The biotech facilities of the future will rely increasingly on automation. Why? Consider what a typical day in a traditional biotech research lab looks like. Researchers sit at the bench, furiously hand write detailed parameters of their experiment (temperature, pH, oxygen content, and the like), tediously move small volumes in and out of test tubes hundreds of times, and track labels for dozens or hundreds (or more) of samples.
One big problem: humans make mistakes. They write down the wrong parameter (or forget altogether), add the wrong liquid to the wrong test tube, and mislabel samples. Even when an experiment is performed perfectly, two labs can produce very different results. Reproducibility is biotech’s oldest problem.

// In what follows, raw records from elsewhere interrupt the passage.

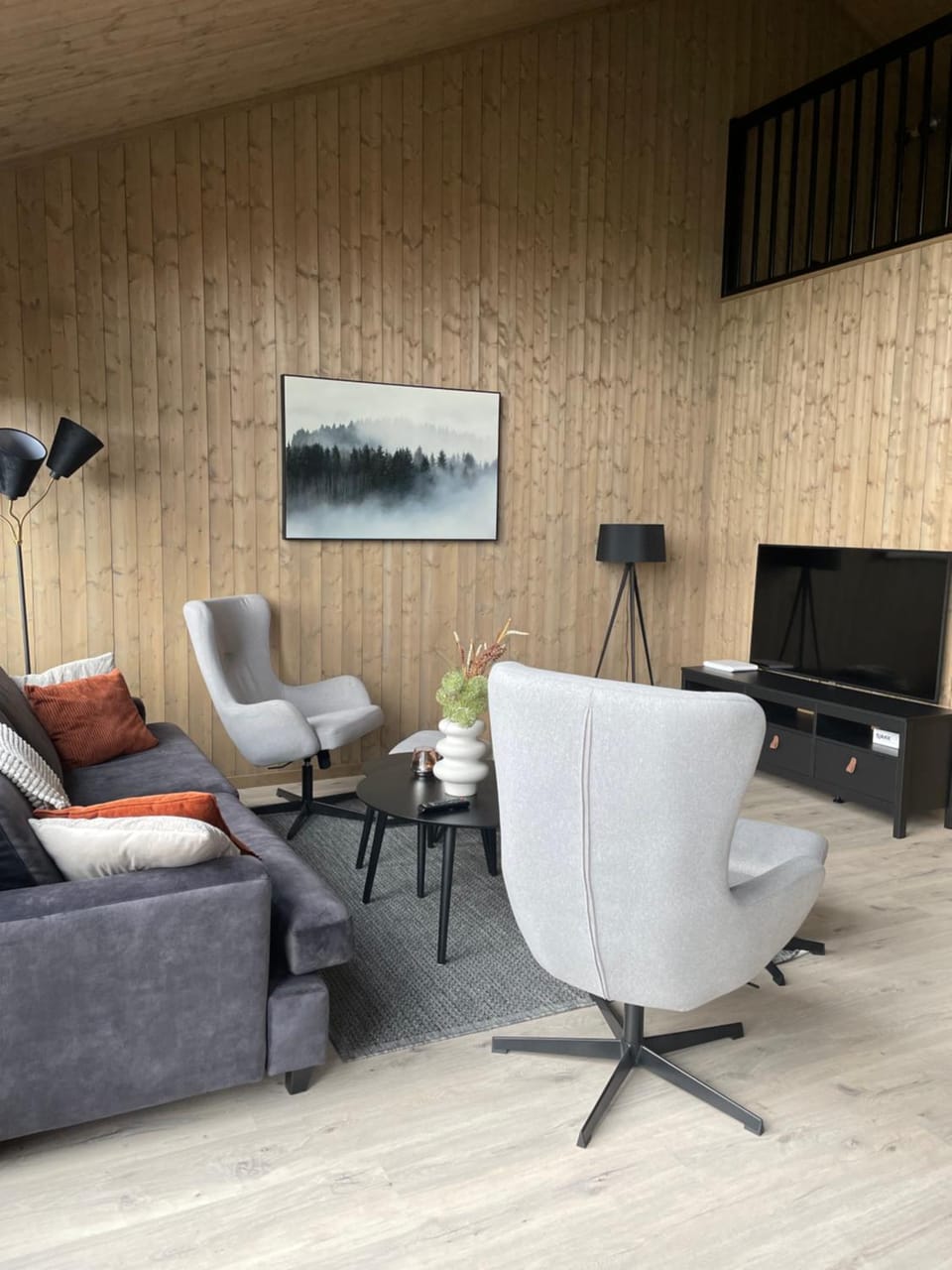 Skaidi Logde- 3 bedroom near salomon river and golf course Apartment in Troms Og Finnmark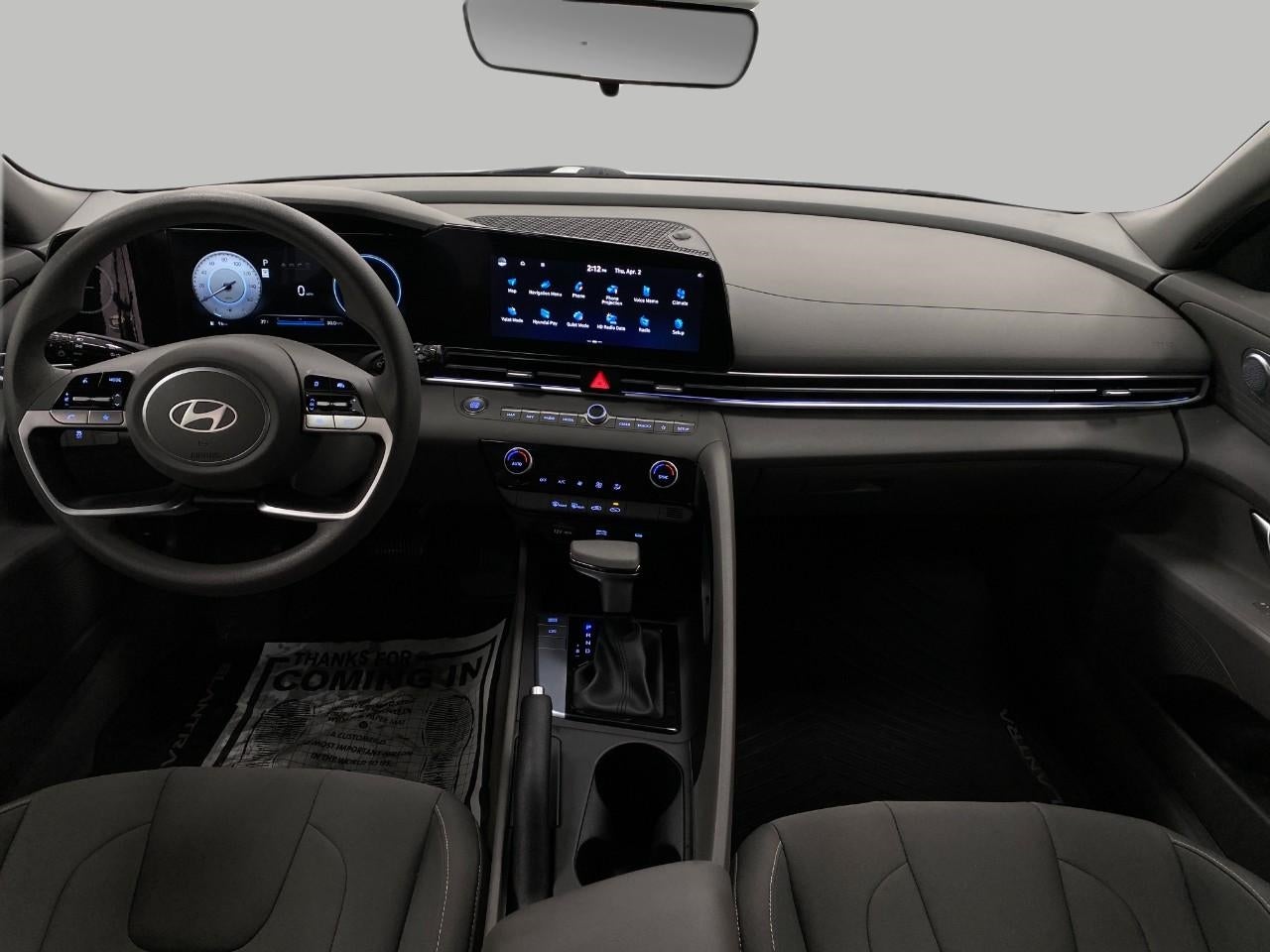 2024 Hyundai Elantra SEL IVT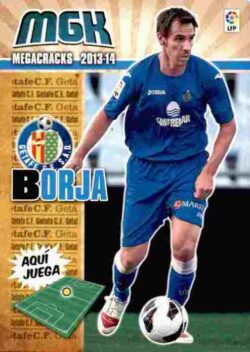 2013-14 Panini Liga BBVA Megacracks #154 Borja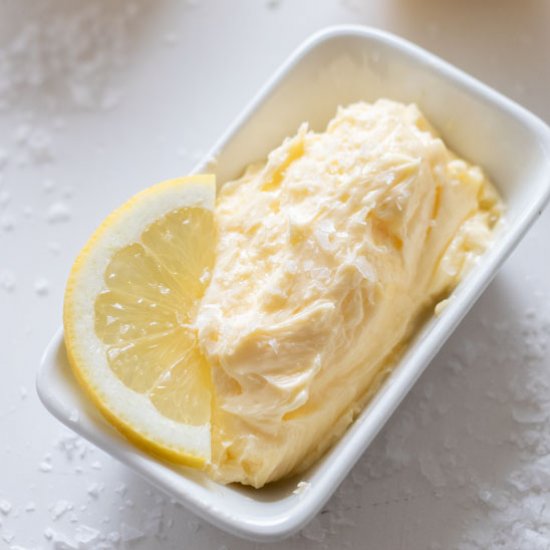 Whipped Lemon Butter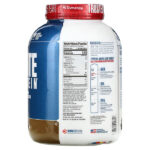 Elite Casein, казеин, со вкусом печенья и сливок, 1,8 кг (4 фунта) — Dymatize — изображение 2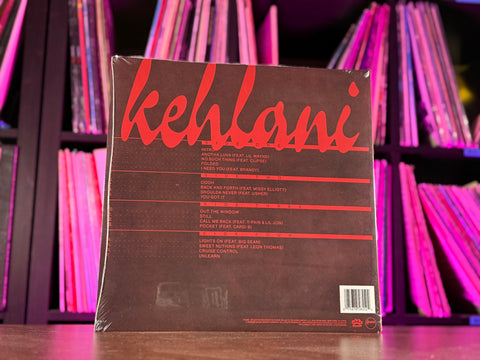 Kehlani - Kehlani (Indie Exclusive Marbled Violet Vinyl)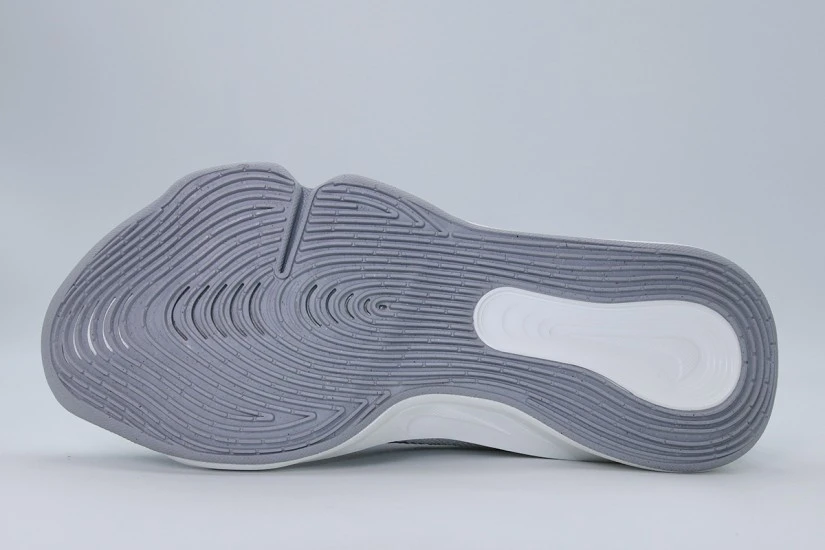 Nike G.T. Hustle 3 Ανδρικά Μπασκετικά Παπούτσια Γκρι Ανοιχτό, Λευκά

Image source: Laurence Livermore/Flickr.
In 2011, healthcare leader Bayer took a random sample of drug development studies published in peer reviewed journals, while Amgen did the same in 2012. Each company performed the same experiments outlined in the studies in their state-of-the-art facilities to see if they could produce the same published result. Bayer found that no more than 25% of the results could be reproduced, while Amgen could only replicate results 11% of the time.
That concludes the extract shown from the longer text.